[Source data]
*****
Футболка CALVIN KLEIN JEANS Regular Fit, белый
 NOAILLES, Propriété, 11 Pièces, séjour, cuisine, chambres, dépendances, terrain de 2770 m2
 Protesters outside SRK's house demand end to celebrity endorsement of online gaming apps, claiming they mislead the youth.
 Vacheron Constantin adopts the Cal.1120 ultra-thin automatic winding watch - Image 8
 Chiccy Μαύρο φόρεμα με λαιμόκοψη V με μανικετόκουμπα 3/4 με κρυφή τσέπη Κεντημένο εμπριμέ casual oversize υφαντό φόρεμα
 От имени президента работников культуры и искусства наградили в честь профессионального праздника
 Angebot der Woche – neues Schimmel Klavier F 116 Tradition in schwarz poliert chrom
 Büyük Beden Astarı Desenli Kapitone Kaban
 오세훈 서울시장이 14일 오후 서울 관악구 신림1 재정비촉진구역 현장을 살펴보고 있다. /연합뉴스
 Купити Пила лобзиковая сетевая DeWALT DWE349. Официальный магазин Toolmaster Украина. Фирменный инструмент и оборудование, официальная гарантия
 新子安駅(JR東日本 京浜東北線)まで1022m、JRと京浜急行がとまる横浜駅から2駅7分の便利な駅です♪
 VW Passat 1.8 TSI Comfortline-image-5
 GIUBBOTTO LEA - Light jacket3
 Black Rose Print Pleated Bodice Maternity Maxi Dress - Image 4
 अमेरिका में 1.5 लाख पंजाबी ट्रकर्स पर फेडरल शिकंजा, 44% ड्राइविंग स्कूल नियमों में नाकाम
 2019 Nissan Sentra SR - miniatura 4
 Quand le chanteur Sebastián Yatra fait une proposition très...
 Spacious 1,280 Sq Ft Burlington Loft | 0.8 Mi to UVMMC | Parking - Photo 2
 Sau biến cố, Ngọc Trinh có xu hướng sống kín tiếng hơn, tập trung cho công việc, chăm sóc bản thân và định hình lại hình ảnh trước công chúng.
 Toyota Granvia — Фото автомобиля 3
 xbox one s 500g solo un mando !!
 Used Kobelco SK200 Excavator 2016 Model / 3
*****
AIM OF THE TASK — A faithful, word-for-word transcription of the data above is required.

ANSWER TO THIS EXERCISE —
Футболка CALVIN KLEIN JEANS Regular Fit, белый
 NOAILLES, Propriété, 11 Pièces, séjour, cuisine, chambres, dépendances, terrain de 2770 m2
 Protesters outside SRK's house demand end to celebrity endorsement of online gaming apps, claiming they mislead the youth.
 Vacheron Constantin adopts the Cal.1120 ultra-thin automatic winding watch - Image 8
 Chiccy Μαύρο φόρεμα με λαιμόκοψη V με μανικετόκουμπα 3/4 με κρυφή τσέπη Κεντημένο εμπριμέ casual oversize υφαντό φόρεμα
 От имени президента работников культуры и искусства наградили в честь профессионального праздника
 Angebot der Woche – neues Schimmel Klavier F 116 Tradition in schwarz poliert chrom
 Büyük Beden Astarı Desenli Kapitone Kaban
 오세훈 서울시장이 14일 오후 서울 관악구 신림1 재정비촉진구역 현장을 살펴보고 있다. /연합뉴스
 Купити Пила лобзиковая сетевая DeWALT DWE349. Официальный магазин Toolmaster Украина. Фирменный инструмент и оборудование, официальная гарантия
 新子安駅(JR東日本 京浜東北線)まで1022m、JRと京浜急行がとまる横浜駅から2駅7分の便利な駅です♪
 VW Passat 1.8 TSI Comfortline-image-5
 GIUBBOTTO LEA - Light jacket3
 Black Rose Print Pleated Bodice Maternity Maxi Dress - Image 4
 अमेरिका में 1.5 लाख पंजाबी ट्रकर्स पर फेडरल शिकंजा, 44% ड्राइविंग स्कूल नियमों में नाकाम
 2019 Nissan Sentra SR - miniatura 4
 Quand le chanteur Sebastián Yatra fait une proposition très...
 Spacious 1,280 Sq Ft Burlington Loft | 0.8 Mi to UVMMC | Parking - Photo 2
 Sau biến cố, Ngọc Trinh có xu hướng sống kín tiếng hơn, tập trung cho công việc, chăm sóc bản thân và định hình lại hình ảnh trước công chúng.
 Toyota Granvia — Фото автомобиля 3
 xbox one s 500g solo un mando !!
 Used Kobelco SK200 Excavator 2016 Model / 3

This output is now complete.